Infrastructure investments in the Philippines may “rise sharply” in the next seven years, as government spending fuels the biggest growth in Southeast Asia outside Singapore, according to Goldman Sachs.
Andrew Tilton, Goldman Sachs senior economist, said in an 18-page report that the Philippines would need $110 billion in outlay to meet rising demand. Infrastructure investments, as a percent of gross domestic product, may rise from the current 2 percent to between 4 percent and 5 percent by 2020.
“(The Philippines) has the lowest per capita income [compared with Thailand, Malaysia and Indonesia], and ranks the weakest in infrastructure quality,” Tilton said.
The report cites a World Economic Forum (WEF) ranking that shows that the Philippines has the worst quality of infrastructure among the four countries.
The WEF places the Philippines at 3.2 in a range of one to seven—seven being the best score. Malaysia gets 5.1; Thailand, 4.6; and Indonesia, 3.8.
Goldman Sachs expects the per capita GDP of the Asian countries to nearly double between 2010 and 2020, thereby increasing demand for power, roads, airports and water, among others.
Throughout the region, infrastructure needs during the period may reach $550 billion, Goldman Sachs reported in a May 30 research titled, “Asean’s half a trillion dollar infrastructure opportunity.”
“The low base, and increases in per capita income and urbanization could drive demand across the board for a projected $110 billion,” Tilton said about the Philippines, adding that the figure is higher than government estimates.

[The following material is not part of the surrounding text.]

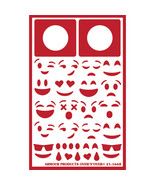 Armour Over N Over Stencil Emoji Faces - $23.82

Power projects account for the biggest share of the total amount at $46 billion. Road projects account for $24 billion; railways, $23 billion; sea ports, $8 billion; water and sanitation, $6 billion; and airports, $2 billion.
Tilton’s calculation covered the period 2013-2020, which he then compared with the Philippine Development Plan for 2011-2016.
Tilton also said that if the government were to meet the required outlay, infrastructure spending could become the key driver of overall investments in the country.
“Assuming that non-infrastructure investments grow at a constant rate, our projections suggest that infrastructure can contribute as much as 20 percent of the total investment rate in the Philippines [through] 2020,” he explained.
Considering the country’s funding needs and fiscal balances, financing of infrastructure may not be a big problem since the government is the key source of funds, Tilton said.
“Additional fiscal burden will be largely manageable,” he said, pointing to Goldman Sachs projections that the government is expected to provide 90 percent of infrastructure spending during the period.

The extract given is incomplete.